1. Warm your oven to 180°C/Fan 160°C/Gas 4. Fill a large pan with water and add a good pinch of salt. Pop the pan on a high heat and bring to the boil.
2. Peel and finely chop the onions. Peel and thinly slice the garlic. Chop the chestnut and portobello mushrooms into bite-sized chunks. Coarsely grate the cheddar.
3. Pour 1 tbsp oil into a large, ovenproof pan and warm over a medium heat. Slide in the onions, garlic and mushrooms and add a pinch of salt and pepper. Pop a lid on the pan. Cook the veg for 10 mins, stirring occasionally, till the veg are golden and juicy.
4. Meanwhile, the water in the other pan should be boiling. When it is, add the pasta and stir well. Simmer the pasta for 6 mins till slightly softened but still a little bit chalky. Drain.

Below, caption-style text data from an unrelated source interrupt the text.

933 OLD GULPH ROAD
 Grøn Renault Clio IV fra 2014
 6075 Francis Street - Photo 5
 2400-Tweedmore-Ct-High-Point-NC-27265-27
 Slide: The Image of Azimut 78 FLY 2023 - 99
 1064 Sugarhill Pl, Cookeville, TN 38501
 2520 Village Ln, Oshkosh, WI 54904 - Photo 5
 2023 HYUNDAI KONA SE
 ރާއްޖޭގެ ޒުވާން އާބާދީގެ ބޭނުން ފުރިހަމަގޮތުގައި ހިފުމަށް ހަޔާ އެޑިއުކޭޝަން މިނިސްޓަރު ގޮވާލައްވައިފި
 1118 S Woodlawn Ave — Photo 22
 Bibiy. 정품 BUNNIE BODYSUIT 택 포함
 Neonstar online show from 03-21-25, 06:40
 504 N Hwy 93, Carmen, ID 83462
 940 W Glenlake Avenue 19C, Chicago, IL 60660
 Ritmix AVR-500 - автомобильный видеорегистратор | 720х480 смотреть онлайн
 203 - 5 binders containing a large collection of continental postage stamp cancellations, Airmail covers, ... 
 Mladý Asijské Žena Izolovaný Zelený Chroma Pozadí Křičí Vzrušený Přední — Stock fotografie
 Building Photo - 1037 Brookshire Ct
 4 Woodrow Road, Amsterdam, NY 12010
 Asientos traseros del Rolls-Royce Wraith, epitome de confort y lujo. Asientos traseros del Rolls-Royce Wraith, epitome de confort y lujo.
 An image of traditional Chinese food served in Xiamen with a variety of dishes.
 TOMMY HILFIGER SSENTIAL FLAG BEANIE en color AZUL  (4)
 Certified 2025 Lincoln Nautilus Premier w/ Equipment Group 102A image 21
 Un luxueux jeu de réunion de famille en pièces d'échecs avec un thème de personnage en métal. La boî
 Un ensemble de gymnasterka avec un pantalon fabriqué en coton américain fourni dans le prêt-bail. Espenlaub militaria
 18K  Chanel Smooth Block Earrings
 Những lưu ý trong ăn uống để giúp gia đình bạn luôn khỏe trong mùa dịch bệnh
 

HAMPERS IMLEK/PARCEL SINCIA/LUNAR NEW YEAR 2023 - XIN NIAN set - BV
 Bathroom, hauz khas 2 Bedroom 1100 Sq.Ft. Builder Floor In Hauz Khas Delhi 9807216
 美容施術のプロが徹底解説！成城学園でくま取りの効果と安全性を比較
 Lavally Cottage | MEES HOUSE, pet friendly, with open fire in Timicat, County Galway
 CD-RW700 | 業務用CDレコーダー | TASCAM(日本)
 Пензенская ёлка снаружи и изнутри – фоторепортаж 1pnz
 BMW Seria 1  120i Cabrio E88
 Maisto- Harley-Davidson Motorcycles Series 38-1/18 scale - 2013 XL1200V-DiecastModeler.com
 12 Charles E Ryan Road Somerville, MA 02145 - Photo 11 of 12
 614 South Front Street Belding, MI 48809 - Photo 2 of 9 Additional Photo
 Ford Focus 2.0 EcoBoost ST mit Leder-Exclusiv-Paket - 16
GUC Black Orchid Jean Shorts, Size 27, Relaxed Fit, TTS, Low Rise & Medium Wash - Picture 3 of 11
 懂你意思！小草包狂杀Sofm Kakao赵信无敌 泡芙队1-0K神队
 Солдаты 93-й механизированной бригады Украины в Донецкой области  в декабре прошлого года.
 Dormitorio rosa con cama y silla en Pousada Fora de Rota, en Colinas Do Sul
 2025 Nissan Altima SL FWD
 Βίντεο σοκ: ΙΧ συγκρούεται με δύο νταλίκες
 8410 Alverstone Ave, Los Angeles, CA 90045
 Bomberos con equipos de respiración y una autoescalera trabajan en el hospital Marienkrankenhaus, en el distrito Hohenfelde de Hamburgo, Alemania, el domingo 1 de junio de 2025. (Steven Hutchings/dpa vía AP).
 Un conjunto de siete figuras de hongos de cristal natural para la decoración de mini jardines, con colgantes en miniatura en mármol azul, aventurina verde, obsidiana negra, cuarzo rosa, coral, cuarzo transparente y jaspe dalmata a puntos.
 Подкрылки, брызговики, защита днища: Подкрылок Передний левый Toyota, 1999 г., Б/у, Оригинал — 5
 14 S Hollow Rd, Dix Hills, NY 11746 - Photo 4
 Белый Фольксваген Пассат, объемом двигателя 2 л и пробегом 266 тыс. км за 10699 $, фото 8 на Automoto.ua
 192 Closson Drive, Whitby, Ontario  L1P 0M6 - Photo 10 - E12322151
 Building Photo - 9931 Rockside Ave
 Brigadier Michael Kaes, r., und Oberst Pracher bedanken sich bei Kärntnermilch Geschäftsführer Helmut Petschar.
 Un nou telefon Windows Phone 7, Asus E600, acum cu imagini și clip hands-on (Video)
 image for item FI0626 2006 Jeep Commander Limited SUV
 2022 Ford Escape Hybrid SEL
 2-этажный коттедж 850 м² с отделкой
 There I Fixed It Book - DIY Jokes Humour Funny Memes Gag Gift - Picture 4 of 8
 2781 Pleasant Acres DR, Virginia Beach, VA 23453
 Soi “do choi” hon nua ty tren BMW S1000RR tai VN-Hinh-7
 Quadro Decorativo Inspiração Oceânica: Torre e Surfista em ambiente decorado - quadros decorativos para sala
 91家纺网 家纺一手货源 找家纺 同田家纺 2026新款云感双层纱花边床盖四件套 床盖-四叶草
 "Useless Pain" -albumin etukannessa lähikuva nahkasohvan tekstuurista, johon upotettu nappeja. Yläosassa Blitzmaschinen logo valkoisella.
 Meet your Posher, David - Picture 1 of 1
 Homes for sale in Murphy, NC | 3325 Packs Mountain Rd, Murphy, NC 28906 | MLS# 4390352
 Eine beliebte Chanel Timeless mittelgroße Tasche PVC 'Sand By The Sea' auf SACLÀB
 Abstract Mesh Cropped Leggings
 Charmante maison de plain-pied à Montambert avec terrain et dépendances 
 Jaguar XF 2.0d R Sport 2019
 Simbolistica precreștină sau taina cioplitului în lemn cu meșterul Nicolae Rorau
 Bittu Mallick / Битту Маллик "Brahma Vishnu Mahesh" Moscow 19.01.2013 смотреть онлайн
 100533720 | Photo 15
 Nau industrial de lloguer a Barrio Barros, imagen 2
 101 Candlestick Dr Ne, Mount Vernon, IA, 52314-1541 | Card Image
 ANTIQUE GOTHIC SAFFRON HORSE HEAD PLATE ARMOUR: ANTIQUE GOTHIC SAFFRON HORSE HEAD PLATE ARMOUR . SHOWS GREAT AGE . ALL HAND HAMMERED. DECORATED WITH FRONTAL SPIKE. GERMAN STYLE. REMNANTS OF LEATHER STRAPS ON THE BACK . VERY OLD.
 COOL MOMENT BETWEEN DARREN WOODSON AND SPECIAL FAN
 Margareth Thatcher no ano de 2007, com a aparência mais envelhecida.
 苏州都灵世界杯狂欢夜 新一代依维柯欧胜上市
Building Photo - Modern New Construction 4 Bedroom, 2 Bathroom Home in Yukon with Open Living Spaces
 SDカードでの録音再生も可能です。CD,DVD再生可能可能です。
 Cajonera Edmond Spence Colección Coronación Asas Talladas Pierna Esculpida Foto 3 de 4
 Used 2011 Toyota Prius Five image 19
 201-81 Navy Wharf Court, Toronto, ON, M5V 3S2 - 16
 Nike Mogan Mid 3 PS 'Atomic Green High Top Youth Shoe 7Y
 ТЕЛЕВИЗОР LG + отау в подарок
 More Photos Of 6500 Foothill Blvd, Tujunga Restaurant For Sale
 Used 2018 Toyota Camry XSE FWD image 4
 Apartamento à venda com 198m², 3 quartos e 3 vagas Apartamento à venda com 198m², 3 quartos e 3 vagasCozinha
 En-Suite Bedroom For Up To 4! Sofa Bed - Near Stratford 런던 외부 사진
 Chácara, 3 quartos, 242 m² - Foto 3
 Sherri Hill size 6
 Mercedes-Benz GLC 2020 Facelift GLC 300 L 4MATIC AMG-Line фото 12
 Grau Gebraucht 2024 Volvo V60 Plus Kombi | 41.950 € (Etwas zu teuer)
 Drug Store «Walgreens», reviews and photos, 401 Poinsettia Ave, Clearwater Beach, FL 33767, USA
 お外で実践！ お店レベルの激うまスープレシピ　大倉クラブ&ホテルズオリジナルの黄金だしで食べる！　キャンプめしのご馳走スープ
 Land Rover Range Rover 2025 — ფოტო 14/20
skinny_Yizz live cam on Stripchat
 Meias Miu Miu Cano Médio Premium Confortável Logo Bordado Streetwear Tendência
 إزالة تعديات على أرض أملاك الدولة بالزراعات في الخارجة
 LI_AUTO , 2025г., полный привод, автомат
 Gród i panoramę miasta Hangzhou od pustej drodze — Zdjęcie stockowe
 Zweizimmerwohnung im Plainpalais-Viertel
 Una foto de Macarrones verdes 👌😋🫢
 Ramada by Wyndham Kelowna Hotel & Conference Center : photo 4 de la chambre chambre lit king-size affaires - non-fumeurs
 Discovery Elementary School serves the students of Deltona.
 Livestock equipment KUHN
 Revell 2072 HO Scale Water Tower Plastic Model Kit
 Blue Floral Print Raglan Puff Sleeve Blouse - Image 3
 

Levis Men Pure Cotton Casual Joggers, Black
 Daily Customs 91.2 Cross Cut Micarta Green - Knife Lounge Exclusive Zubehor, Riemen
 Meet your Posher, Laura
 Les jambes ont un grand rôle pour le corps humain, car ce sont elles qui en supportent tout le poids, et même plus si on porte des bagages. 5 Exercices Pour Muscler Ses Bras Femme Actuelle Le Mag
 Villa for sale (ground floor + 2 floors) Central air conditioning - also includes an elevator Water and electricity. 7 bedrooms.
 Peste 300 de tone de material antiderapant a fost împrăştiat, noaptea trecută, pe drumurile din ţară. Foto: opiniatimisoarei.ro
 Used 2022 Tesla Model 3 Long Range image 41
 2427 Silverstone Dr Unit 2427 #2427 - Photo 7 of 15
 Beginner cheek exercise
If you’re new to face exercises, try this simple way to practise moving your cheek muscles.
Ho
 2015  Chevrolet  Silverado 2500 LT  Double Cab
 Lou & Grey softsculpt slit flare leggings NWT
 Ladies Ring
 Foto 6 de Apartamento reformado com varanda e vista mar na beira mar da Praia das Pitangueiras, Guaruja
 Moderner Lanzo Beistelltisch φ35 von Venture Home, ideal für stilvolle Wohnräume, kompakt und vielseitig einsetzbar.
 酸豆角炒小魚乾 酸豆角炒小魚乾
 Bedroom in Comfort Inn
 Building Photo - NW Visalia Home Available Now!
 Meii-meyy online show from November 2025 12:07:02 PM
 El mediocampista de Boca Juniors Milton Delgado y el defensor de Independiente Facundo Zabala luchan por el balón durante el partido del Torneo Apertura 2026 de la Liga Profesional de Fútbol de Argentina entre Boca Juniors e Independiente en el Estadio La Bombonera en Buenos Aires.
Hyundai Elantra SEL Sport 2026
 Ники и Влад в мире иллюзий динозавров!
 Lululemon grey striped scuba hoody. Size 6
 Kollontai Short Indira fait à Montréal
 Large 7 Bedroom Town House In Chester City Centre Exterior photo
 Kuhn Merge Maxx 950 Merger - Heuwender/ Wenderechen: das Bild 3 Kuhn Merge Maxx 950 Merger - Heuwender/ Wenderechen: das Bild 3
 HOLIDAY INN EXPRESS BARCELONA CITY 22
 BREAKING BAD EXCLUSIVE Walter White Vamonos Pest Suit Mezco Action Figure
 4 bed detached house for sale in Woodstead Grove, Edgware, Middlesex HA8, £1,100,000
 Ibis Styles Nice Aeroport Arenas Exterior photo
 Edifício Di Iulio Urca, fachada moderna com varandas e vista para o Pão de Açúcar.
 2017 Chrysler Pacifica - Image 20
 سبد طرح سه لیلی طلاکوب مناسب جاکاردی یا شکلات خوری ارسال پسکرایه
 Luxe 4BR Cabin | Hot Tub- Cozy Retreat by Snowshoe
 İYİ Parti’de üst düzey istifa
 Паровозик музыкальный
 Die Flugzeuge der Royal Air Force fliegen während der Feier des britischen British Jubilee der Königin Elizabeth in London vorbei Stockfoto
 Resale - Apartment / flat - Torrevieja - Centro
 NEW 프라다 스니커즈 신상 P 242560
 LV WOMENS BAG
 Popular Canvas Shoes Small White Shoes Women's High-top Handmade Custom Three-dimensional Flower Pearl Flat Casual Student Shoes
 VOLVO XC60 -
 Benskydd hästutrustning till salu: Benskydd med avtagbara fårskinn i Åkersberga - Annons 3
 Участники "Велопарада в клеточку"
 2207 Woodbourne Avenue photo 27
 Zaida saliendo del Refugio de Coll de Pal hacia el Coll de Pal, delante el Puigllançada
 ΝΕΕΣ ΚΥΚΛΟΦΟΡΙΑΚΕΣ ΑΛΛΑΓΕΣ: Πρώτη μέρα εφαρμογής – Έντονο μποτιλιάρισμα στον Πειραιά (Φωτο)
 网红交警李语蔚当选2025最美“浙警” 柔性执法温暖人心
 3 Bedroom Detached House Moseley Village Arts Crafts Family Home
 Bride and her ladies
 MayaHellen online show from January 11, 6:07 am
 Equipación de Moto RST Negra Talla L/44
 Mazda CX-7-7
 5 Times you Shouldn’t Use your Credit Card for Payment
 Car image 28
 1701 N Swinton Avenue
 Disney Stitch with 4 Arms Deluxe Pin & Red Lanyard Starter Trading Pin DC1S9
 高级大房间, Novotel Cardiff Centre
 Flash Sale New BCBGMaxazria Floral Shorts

5. When the veg in the pan are golden, add the cornflour and stir well to combine with the veg. Slowly pour in the milk, stirring frequently as you do, till the cornflour and milk combine to make a thick sauce. Stir in the mustard and bring the sauce to a gentle simmer. Once simmering, stir in the cheddar and remove from the heat.
6. Toss the drained pasta into the pan with the cheese sauce and veg. Stir well to mix. Level the top of the pasta with a wooden spoon, then sprinkle the chopped hazelnuts over the top. Slide the pan into the warm oven and bake for 20-25 mins, till golden and bubbling. If your pan isn’t suitable for using in the oven, transfer the pasta and sauce to an ovenproof dish before baking.
7. Divide the pasta bake between warm plates and serve.
8. Love Your Leftovers
The pasta will keep well in the fridge for up to 3 days or it can be frozen for up to 3 months. Divide the pasta bake between the tubs, seal and store. Defrost overnight, if necessary, then reheat in the microwave till piping hot all the way through.